Nashville is one of several United States locations that will be in the path of totality for about two minutes. This path, where the moon will completely cover the sun and the sun’s tenuous atmosphere – the corona – can be seen, will stretch from Lincoln Beach, Oregon, to Charleston, South Carolina. United States observers outside this path will still see a partial solar eclipse where the moon covers part of the sun’s disk.
“For our students, this might be just one of three times in their lifetime to witness a total eclipse, and not all eclipses are the same,” explained Freed, who joined Radford University’s physics department last fall. “This eclipse will be especially impressive because the sun will be completely blocked out. We’ll be able to see the stars and planets during totality.”
Scientists are able to map out several decades in advance the timeline of future eclipses. The next U.S. eclipse, Freed said, is slated for 2024.
Freed and his team is working as part of the Citizen Continental-America Telescopic Eclipse Experiment, which will capture images of the solar corona using telescopes in 60 different locations across the country. They will set up their equipment at a Nashville-area high school, pass out special glasses to students and conduct several associated activities before the eclipse begins around 1 p.m.
The images they capture will eventually be stitched together with other images from across the United States, resulting in a 90-minute-long film of the event.
Freed’s team will also live stream the eclipse to Radford University’s planetarium.
“The eclipse itself starts here around 1:10 p.m., hits its maximum around 2:40 p.m. and is over by around 4:10 p.m.” Herman said.
Prior to that, the planetarium will air special shows interspersed with hands-on activities that will be most appropriate for ages 6-11. Herman will set up a telescope pointed at the sun with a solar filter so guests can look at the eclipse through the telescope. People should not look directly at the eclipse without proper eye protection, Herman and Freed urged. Special glass will be available at the planetarium the day of the eclipse.

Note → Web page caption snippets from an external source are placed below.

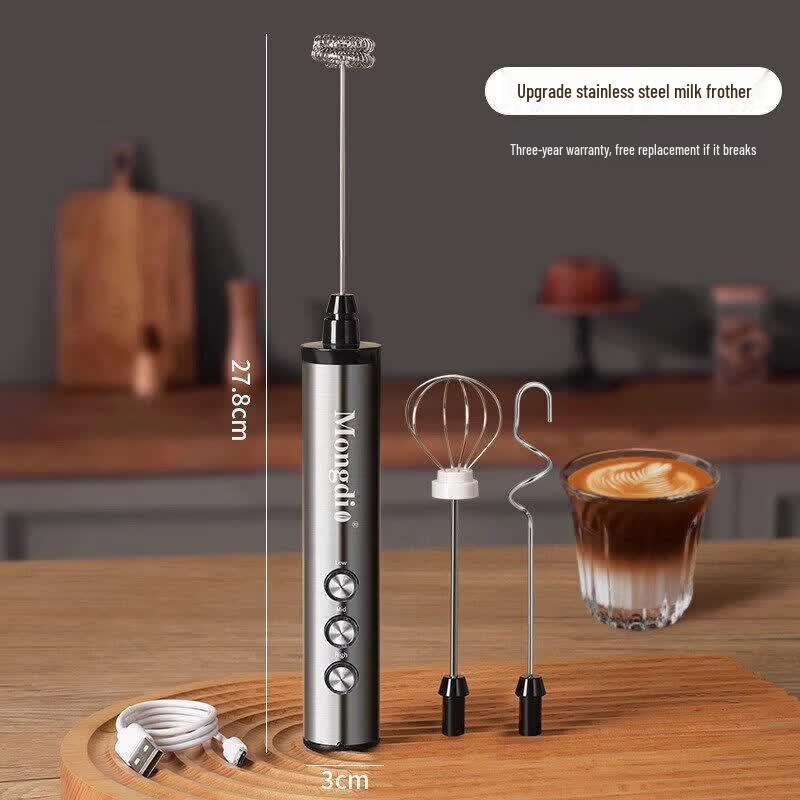Qiwei Handheld Electric Glass Milk Frother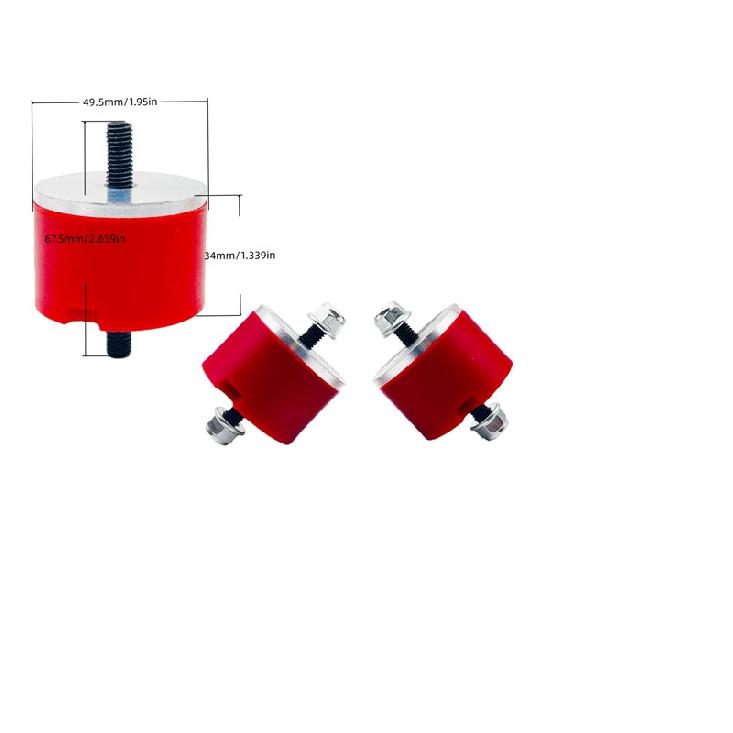For BMW E36 E46 Compact Z3 Z4 Inline 6CYL RED Polyurethane Engine and Transmission Bracket Bushings 2-piece and 4-piece Set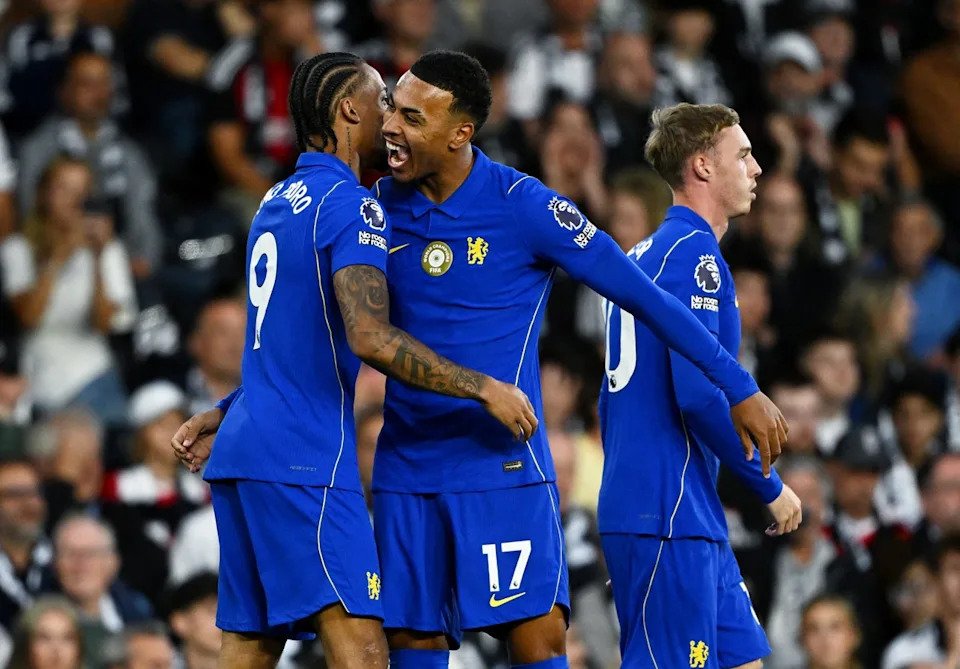 Chelsea's front three stole the show against Fulham (Reuters)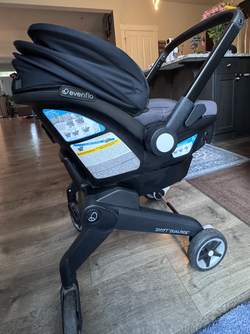 Evenflo Shyft DualRide Car seat and stroller combo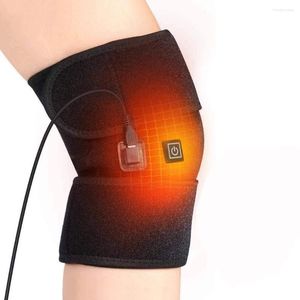 膝パッドエレクトリックコンプレスパッド5V USB/TYPE-C充電加熱ブレースは、関節痛を緩和するためにポケット加熱します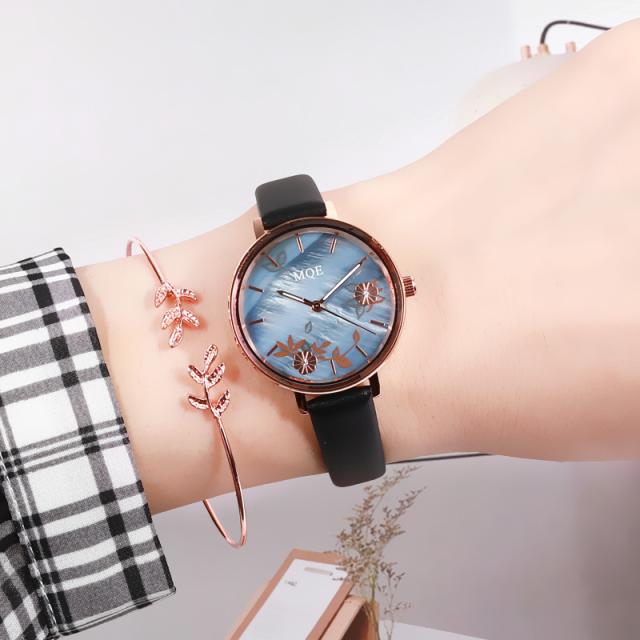 ins Academy Style forest-themed slim strap, compact and elegant ladies' mechanical watch, simple, retro, fashionable, waterproof student and adult watch 2024 New model Application Scenario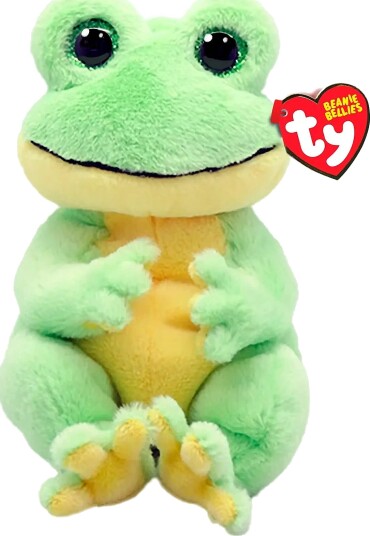 Ty Snapper Frog Green Beanie Bellies Reg Green 15.5cm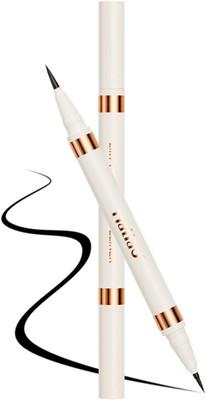 maliao 2-in-1 HD Matte Eyeliner - Precision Perfection in Every Stroke 1.5 ml(MATTE BLACK)
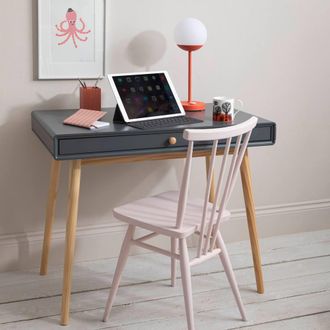 N&ouml;a & Nani Frank Desk in Dark Grey and Natural Pine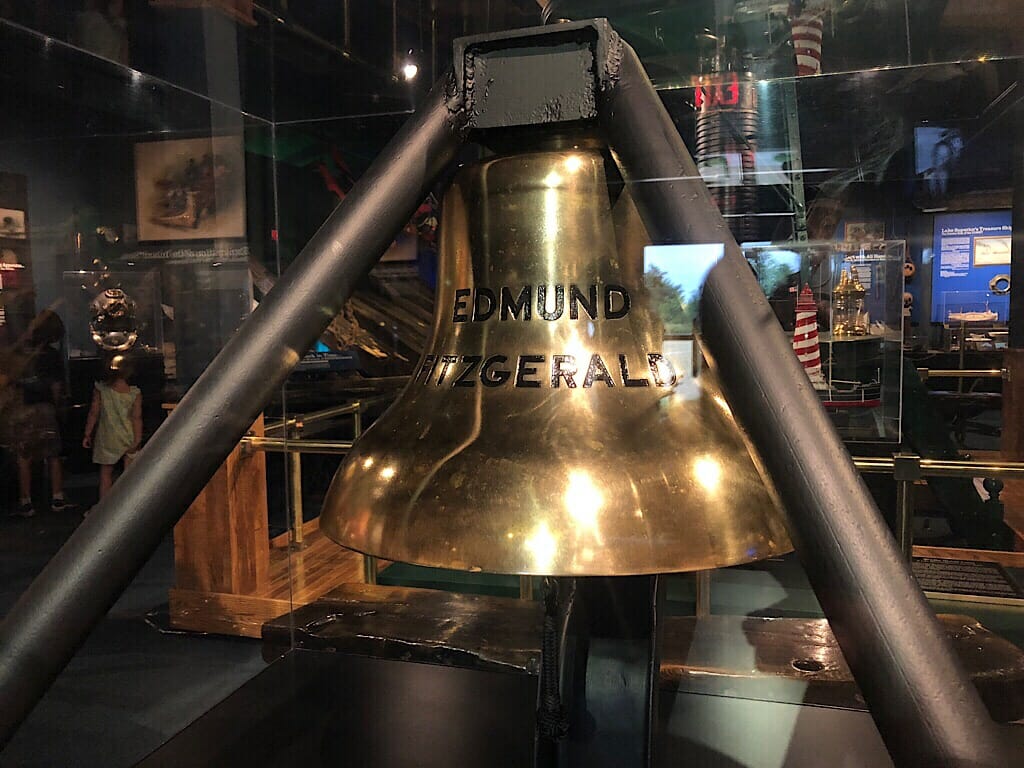 Ship’s bell from the Edmund Fitzgerald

During the 1:10-4:10 p.m. period, participants will be going into the planetarium at pre-set times to chat with Freed’s group in the field. The totality will occur between 2:25 and 2:50 p.m.
Although Radford will not be in the path of totality, onlookers will still witness about a 90-percent coverage of the sun.
“It’s going to be a great day and a great learning experience for our students and the entire community,” Freed said. “You shouldn’t miss it.”
Events are planned from 10 a.m.-5 p.m. Aug. 21 at the RU Center for the Sciences Planetarium (801 E Main St.), with parking available in lot E across University Drive Bridge.